Scoring Schemes
Alignments are scored using Smith Waterman alignment with a linear gap cost. A linear gap cost means that an insertion or deletion of length two costs twice as much as an insertion or deletion of length one. This corresponds to individual insertion and deletion events occurring independently, even if adjacent.
The parameters are:
Parameter | Option | Restrictions |
Match score | - | Always 1 |
Mismatch cost | `-x' | Between 1 and 3. Default is 2 |
Gap cost | `-g' | Between 1 and 3. Default is 34.1 |
An ambiguous nucleotide aligned to any other nucleotide including the same ambiguous type is treated as a mismatch.
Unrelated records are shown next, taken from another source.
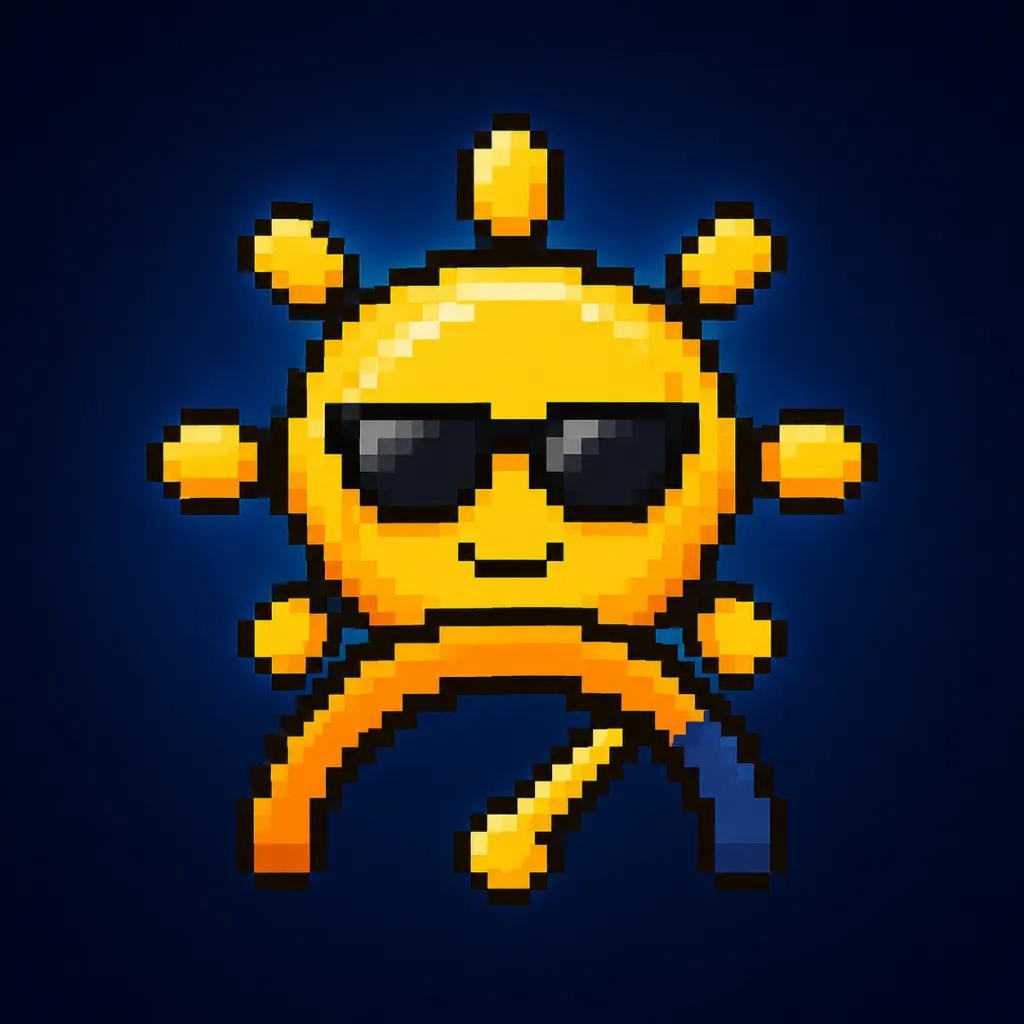 Sun Hours: Solar Forecast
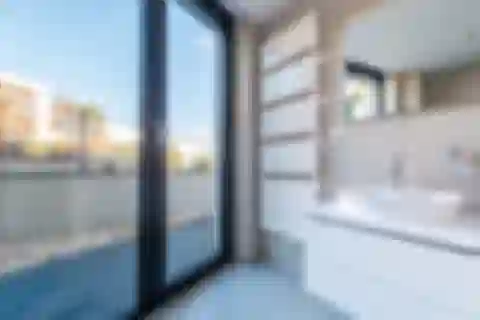 Na Štyridsiatku, Staré Mesto - Bratislava I | Predaj, Byt, 3-izbový, 150 m²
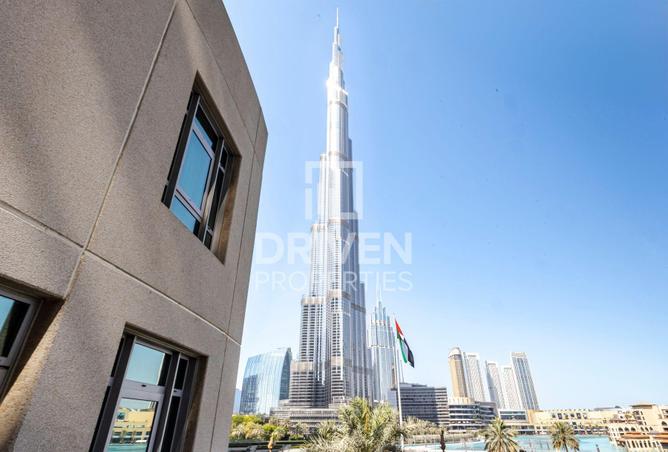 64404983 - الصورة الرئيسية للعقار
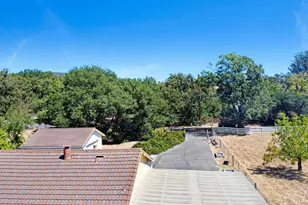 21355 Hyde Rd, Sonoma, CA 95476 - Photo 9
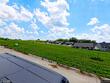 1020 linden ln, ely,  IA 52227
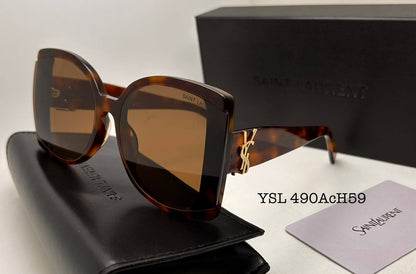 Ladies sunglasses

 master quality 
200 dhs🇦🇪🇦🇪🇦🇪

Zain126
♥️♥️♥️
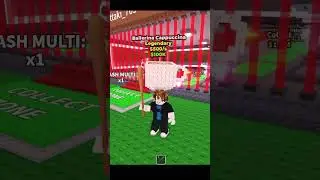 🔴LIVE  Roblox AR Brainrot Unleashed 🧠🔥 | Absolute Chaos |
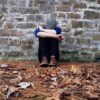 La solitude chronique augmenterait les risques d accident vasculaire cérébral de 56 % selon une étude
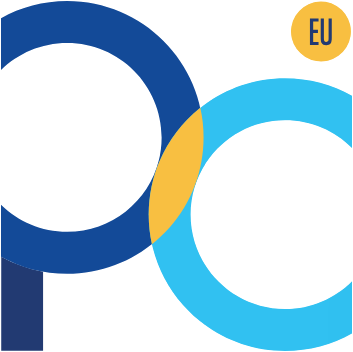 ProcureCon Europe 2026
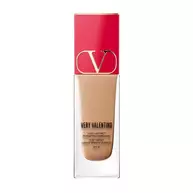 VERY VALENTINO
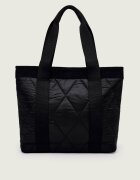 Barbour Geantă shopper Healy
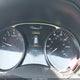 5N1AT2MV3GC921095 2016 Nissan Rogue S auction photo thumbnail 7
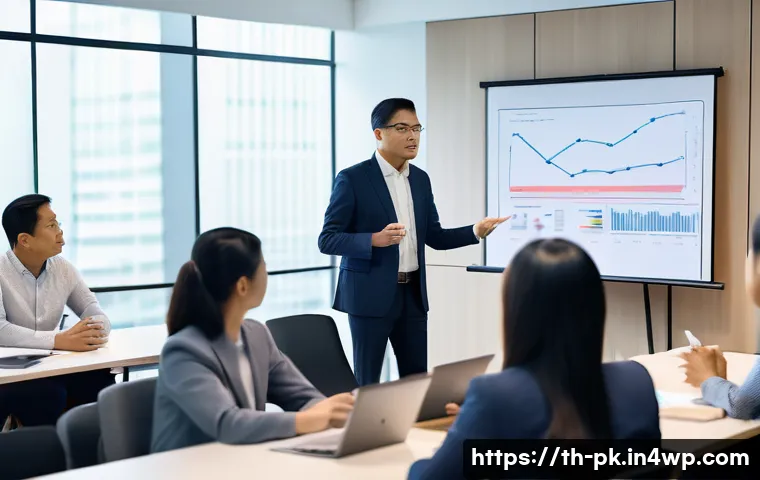 AI와 직업 변화  미래 직업군 전망 관련 이미지 2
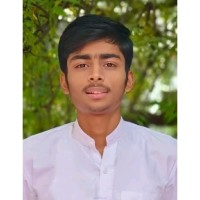 OM DOSHI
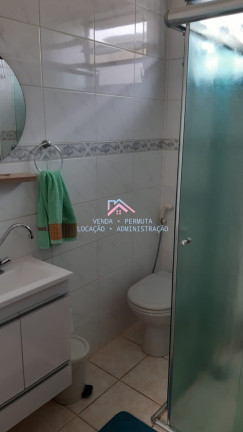 Imagem Casa com 3 Quartos à Venda, 284 m² em Jardim Santa Gertrudes - Jundiaí Imagem Casa com 3 Quartos à Venda, 284 m² em Jardim Santa Gertrudes - Jundiaí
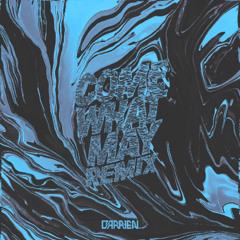 BARRIEN - Come What May - Awaken Music (REMIX)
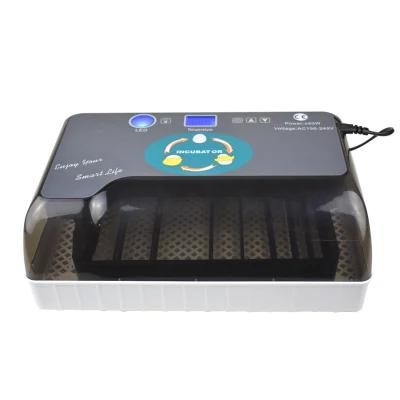 Egg Incubator Fully Automatic Solar Egg Incubator Automatic Egg Incubator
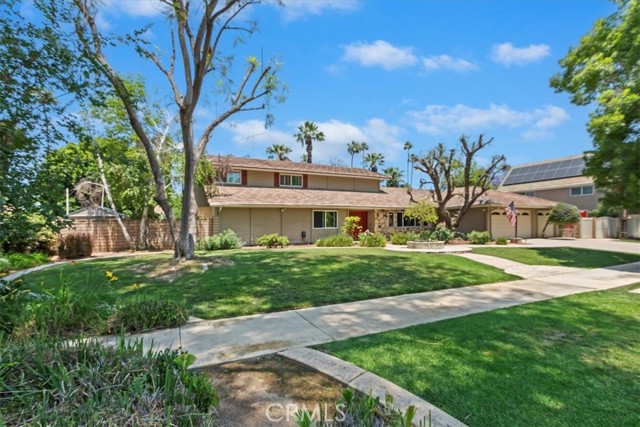 Image 3 of 67 For 6401 Percival Drive
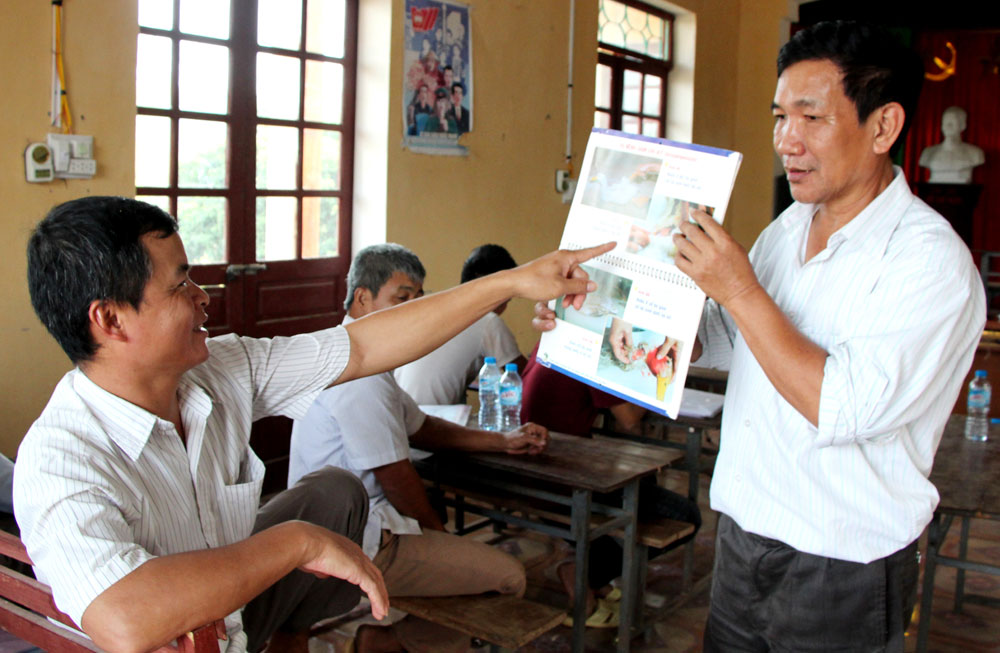 {keywords} {keywords}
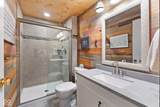 9360 500 - Photo 23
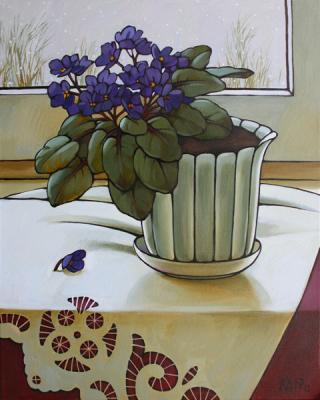 ������� �������� ������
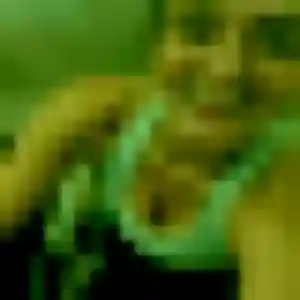 plan cul à Durrenentzen : photo de Isabelle, 38 ans - accès libre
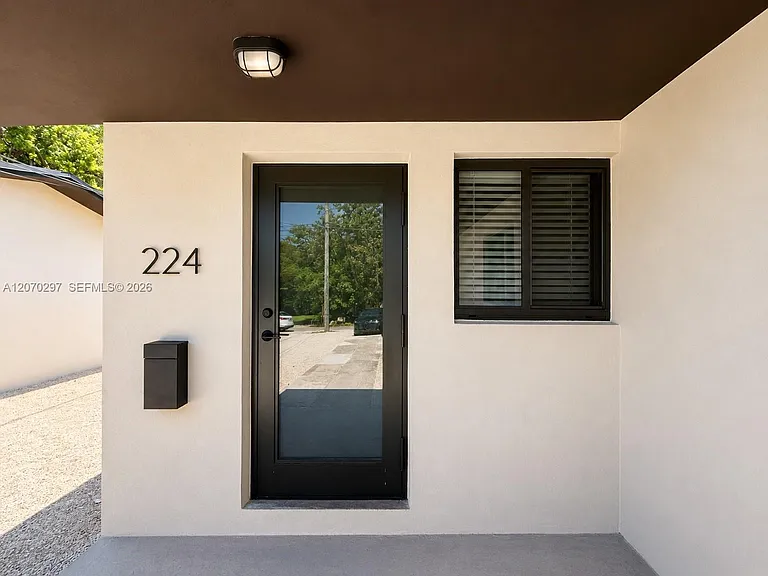 224 Hispanola Rd #224 — Photo 2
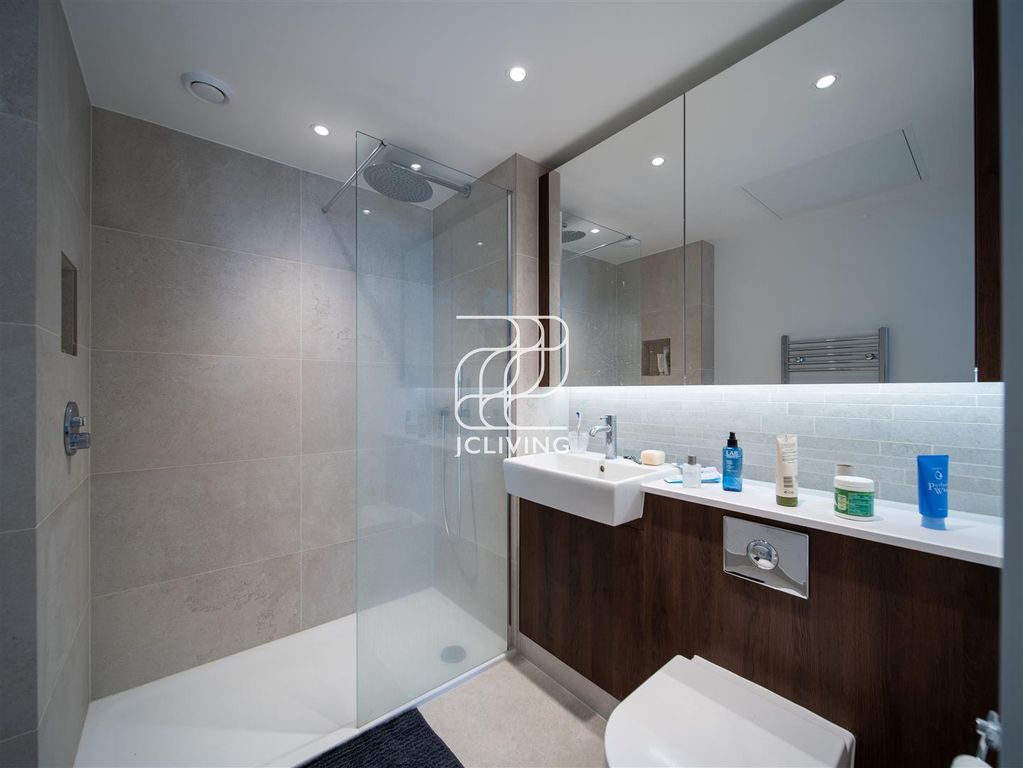 Property photo 3 of 15 Cn145-03(1).Jpg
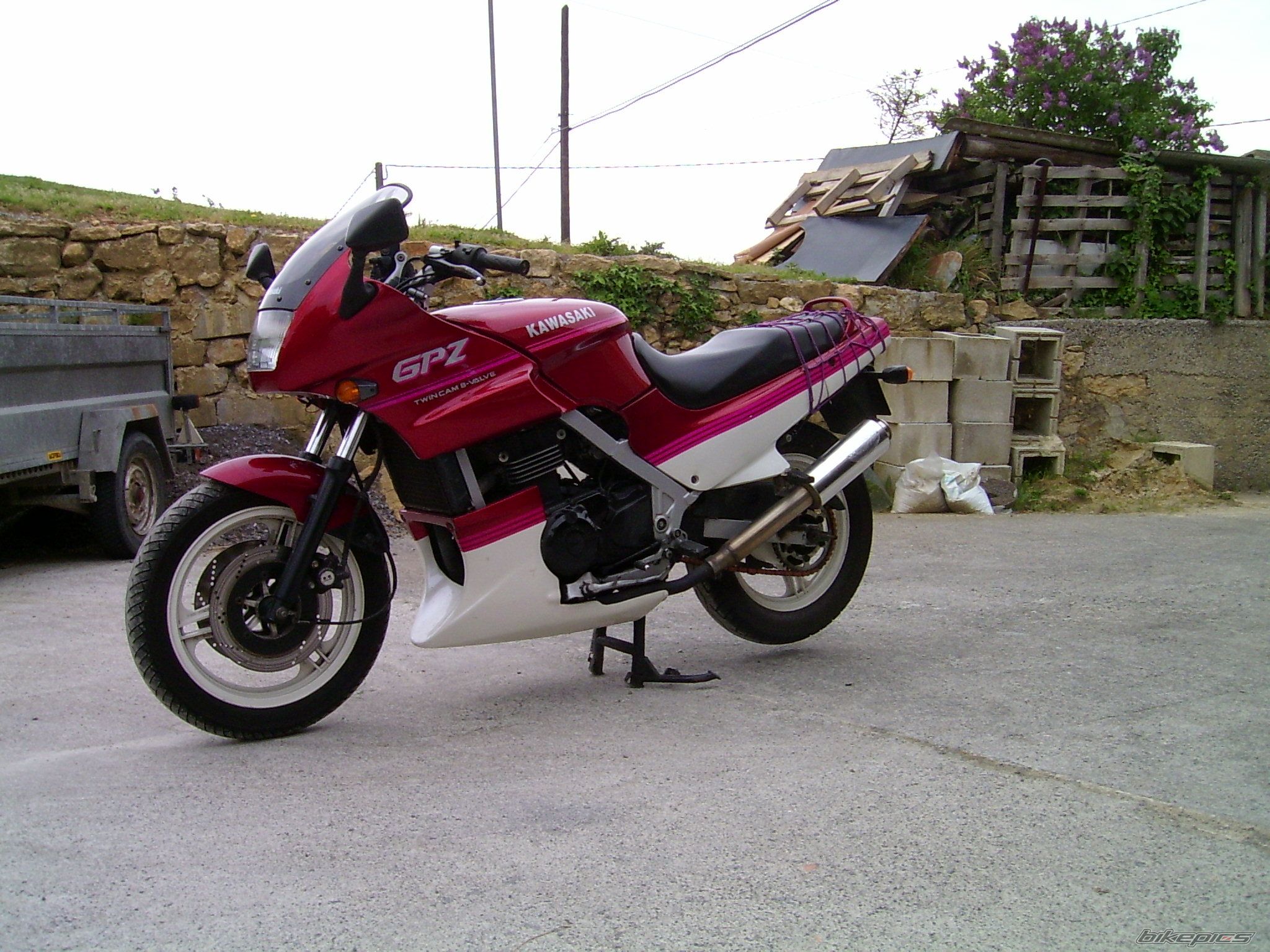 Photo 1187125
It is the relative scores and costs that determine an alignment, so multiplying all the scores by a common factor would give the same alignment. Thus, having the match score fixed to one does not significantly reduce the flexibility in the scoring scheme since the other values can be adjusted.
The restricted values in the scoring scheme allows more efficient algorithms to be used, which can have a large impact on the time required when large data sets are being considered.
Footnotes
- ... 34.1
- Note that if the gap is set at 1 and the mismatch is set at 2, then the algorithm will insert a gap in the reference sequence and then another gap in the reference target to avoid a mismatch.